[Data to process]

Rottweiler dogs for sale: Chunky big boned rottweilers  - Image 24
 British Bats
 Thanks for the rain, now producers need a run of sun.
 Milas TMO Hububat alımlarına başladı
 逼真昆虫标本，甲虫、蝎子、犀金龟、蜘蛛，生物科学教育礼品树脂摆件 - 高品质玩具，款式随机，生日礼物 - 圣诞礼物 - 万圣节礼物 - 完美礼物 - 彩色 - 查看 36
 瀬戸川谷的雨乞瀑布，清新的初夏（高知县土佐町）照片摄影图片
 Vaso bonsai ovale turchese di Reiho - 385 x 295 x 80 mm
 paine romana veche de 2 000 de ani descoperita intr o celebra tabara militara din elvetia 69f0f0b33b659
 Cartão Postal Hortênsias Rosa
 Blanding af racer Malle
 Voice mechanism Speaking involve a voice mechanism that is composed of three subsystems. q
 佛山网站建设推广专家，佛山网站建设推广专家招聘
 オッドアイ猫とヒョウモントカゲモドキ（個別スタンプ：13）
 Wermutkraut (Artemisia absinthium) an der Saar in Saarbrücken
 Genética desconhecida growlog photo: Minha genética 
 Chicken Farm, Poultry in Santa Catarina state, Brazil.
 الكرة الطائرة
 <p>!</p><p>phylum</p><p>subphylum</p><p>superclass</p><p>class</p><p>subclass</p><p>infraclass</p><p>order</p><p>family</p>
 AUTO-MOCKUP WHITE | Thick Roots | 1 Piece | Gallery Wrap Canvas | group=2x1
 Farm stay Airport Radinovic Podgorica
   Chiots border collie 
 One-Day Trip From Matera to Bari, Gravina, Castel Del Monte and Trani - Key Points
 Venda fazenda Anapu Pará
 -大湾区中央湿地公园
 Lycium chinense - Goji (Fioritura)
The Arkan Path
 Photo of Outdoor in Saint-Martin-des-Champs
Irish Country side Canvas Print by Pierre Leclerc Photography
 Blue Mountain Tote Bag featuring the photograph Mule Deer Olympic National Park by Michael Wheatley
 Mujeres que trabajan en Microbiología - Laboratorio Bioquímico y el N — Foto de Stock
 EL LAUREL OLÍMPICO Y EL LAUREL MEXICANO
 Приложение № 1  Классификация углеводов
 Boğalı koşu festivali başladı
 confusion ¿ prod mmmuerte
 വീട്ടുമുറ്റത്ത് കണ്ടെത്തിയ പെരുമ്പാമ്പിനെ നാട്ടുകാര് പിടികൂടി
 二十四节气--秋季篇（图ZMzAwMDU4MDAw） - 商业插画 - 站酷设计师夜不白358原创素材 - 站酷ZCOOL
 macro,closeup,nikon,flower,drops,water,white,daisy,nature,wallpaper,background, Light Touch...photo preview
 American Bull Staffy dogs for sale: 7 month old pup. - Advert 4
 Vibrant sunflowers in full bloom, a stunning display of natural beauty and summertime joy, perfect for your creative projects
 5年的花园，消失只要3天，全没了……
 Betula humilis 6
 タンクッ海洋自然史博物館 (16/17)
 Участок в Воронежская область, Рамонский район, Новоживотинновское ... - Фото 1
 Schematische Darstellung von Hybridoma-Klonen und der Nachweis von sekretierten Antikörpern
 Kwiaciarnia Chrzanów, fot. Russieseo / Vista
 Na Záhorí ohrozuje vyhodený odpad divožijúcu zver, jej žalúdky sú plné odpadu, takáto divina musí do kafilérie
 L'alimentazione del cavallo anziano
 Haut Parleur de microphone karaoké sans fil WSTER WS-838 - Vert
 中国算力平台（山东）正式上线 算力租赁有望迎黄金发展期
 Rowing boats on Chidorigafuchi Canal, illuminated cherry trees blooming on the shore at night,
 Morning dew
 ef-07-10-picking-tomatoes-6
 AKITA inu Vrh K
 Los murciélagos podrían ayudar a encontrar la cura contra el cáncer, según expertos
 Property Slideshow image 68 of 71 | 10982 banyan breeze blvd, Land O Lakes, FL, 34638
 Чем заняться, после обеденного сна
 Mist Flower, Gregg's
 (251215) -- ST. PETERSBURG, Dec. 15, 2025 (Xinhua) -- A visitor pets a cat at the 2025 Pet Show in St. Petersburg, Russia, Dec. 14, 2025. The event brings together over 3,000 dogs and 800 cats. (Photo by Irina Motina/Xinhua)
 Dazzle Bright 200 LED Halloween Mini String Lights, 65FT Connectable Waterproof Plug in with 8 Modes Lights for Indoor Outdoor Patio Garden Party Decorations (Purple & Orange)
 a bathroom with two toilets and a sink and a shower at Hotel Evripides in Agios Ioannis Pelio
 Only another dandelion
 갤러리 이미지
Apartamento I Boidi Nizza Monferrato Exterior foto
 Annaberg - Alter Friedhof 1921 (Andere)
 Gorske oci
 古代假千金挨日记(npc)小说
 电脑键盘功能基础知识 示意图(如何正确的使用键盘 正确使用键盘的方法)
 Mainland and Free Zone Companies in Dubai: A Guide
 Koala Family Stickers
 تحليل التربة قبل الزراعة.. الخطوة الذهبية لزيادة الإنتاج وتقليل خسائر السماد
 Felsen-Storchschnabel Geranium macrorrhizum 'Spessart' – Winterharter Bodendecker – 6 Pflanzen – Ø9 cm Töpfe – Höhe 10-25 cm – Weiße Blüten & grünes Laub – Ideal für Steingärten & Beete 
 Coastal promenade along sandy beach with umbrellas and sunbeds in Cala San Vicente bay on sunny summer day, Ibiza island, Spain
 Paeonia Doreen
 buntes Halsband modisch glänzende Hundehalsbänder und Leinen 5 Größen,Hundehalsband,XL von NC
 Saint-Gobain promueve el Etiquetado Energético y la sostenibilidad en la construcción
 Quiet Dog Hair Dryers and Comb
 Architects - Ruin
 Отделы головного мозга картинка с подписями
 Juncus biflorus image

[/Data to process]

Your task
The reply must repeat all of the records precisely.

Result of this task
Rottweiler dogs for sale: Chunky big boned rottweilers  - Image 24
 British Bats
 Thanks for the rain, now producers need a run of sun.
 Milas TMO Hububat alımlarına başladı
 逼真昆虫标本，甲虫、蝎子、犀金龟、蜘蛛，生物科学教育礼品树脂摆件 - 高品质玩具，款式随机，生日礼物 - 圣诞礼物 - 万圣节礼物 - 完美礼物 - 彩色 - 查看 36
 瀬戸川谷的雨乞瀑布，清新的初夏（高知县土佐町）照片摄影图片
 Vaso bonsai ovale turchese di Reiho - 385 x 295 x 80 mm
 paine romana veche de 2 000 de ani descoperita intr o celebra tabara militara din elvetia 69f0f0b33b659
 Cartão Postal Hortênsias Rosa
 Blanding af racer Malle
 Voice mechanism Speaking involve a voice mechanism that is composed of three subsystems. q
 佛山网站建设推广专家，佛山网站建设推广专家招聘
 オッドアイ猫とヒョウモントカゲモドキ（個別スタンプ：13）
 Wermutkraut (Artemisia absinthium) an der Saar in Saarbrücken
 Genética desconhecida growlog photo: Minha genética 
 Chicken Farm, Poultry in Santa Catarina state, Brazil.
 الكرة الطائرة
 <p>!</p><p>phylum</p><p>subphylum</p><p>superclass</p><p>class</p><p>subclass</p><p>infraclass</p><p>order</p><p>family</p>
 AUTO-MOCKUP WHITE | Thick Roots | 1 Piece | Gallery Wrap Canvas | group=2x1
 Farm stay Airport Radinovic Podgorica
   Chiots border collie 
 One-Day Trip From Matera to Bari, Gravina, Castel Del Monte and Trani - Key Points
 Venda fazenda Anapu Pará
 -大湾区中央湿地公园
 Lycium chinense - Goji (Fioritura)
The Arkan Path
 Photo of Outdoor in Saint-Martin-des-Champs
Irish Country side Canvas Print by Pierre Leclerc Photography
 Blue Mountain Tote Bag featuring the photograph Mule Deer Olympic National Park by Michael Wheatley
 Mujeres que trabajan en Microbiología - Laboratorio Bioquímico y el N — Foto de Stock
 EL LAUREL OLÍMPICO Y EL LAUREL MEXICANO
 Приложение № 1  Классификация углеводов
 Boğalı koşu festivali başladı
 confusion ¿ prod mmmuerte
 വീട്ടുമുറ്റത്ത് കണ്ടെത്തിയ പെരുമ്പാമ്പിനെ നാട്ടുകാര് പിടികൂടി
 二十四节气--秋季篇（图ZMzAwMDU4MDAw） - 商业插画 - 站酷设计师夜不白358原创素材 - 站酷ZCOOL
 macro,closeup,nikon,flower,drops,water,white,daisy,nature,wallpaper,background, Light Touch...photo preview
 American Bull Staffy dogs for sale: 7 month old pup. - Advert 4
 Vibrant sunflowers in full bloom, a stunning display of natural beauty and summertime joy, perfect for your creative projects
 5年的花园，消失只要3天，全没了……
 Betula humilis 6
 タンクッ海洋自然史博物館 (16/17)
 Участок в Воронежская область, Рамонский район, Новоживотинновское ... - Фото 1
 Schematische Darstellung von Hybridoma-Klonen und der Nachweis von sekretierten Antikörpern
 Kwiaciarnia Chrzanów, fot. Russieseo / Vista
 Na Záhorí ohrozuje vyhodený odpad divožijúcu zver, jej žalúdky sú plné odpadu, takáto divina musí do kafilérie
 L'alimentazione del cavallo anziano
 Haut Parleur de microphone karaoké sans fil WSTER WS-838 - Vert
 中国算力平台（山东）正式上线 算力租赁有望迎黄金发展期
 Rowing boats on Chidorigafuchi Canal, illuminated cherry trees blooming on the shore at night,
 Morning dew
 ef-07-10-picking-tomatoes-6
 AKITA inu Vrh K
 Los murciélagos podrían ayudar a encontrar la cura contra el cáncer, según expertos
 Property Slideshow image 68 of 71 | 10982 banyan breeze blvd, Land O Lakes, FL, 34638
 Чем заняться, после обеденного сна
 Mist Flower, Gregg's
 (251215) -- ST. PETERSBURG, Dec. 15, 2025 (Xinhua) -- A visitor pets a cat at the 2025 Pet Show in St. Petersburg, Russia, Dec. 14, 2025. The event brings together over 3,000 dogs and 800 cats. (Photo by Irina Motina/Xinhua)
 Dazzle Bright 200 LED Halloween Mini String Lights, 65FT Connectable Waterproof Plug in with 8 Modes Lights for Indoor Outdoor Patio Garden Party Decorations (Purple & Orange)
 a bathroom with two toilets and a sink and a shower at Hotel Evripides in Agios Ioannis Pelio
 Only another dandelion
 갤러리 이미지
Apartamento I Boidi Nizza Monferrato Exterior foto
 Annaberg - Alter Friedhof 1921 (Andere)
 Gorske oci
 古代假千金挨日记(npc)小说
 电脑键盘功能基础知识 示意图(如何正确的使用键盘 正确使用键盘的方法)
 Mainland and Free Zone Companies in Dubai: A Guide
 Koala Family Stickers
 تحليل التربة قبل الزراعة.. الخطوة الذهبية لزيادة الإنتاج وتقليل خسائر السماد
 Felsen-Storchschnabel Geranium macrorrhizum 'Spessart' – Winterharter Bodendecker – 6 Pflanzen – Ø9 cm Töpfe – Höhe 10-25 cm – Weiße Blüten & grünes Laub – Ideal für Steingärten & Beete 
 Coastal promenade along sandy beach with umbrellas and sunbeds in Cala San Vicente bay on sunny summer day, Ibiza island, Spain
 Paeonia Doreen
 buntes Halsband modisch glänzende Hundehalsbänder und Leinen 5 Größen,Hundehalsband,XL von NC
 Saint-Gobain promueve el Etiquetado Energético y la sostenibilidad en la construcción
 Quiet Dog Hair Dryers and Comb
 Architects - Ruin
 Отделы головного мозга картинка с подписями
 Juncus biflorus image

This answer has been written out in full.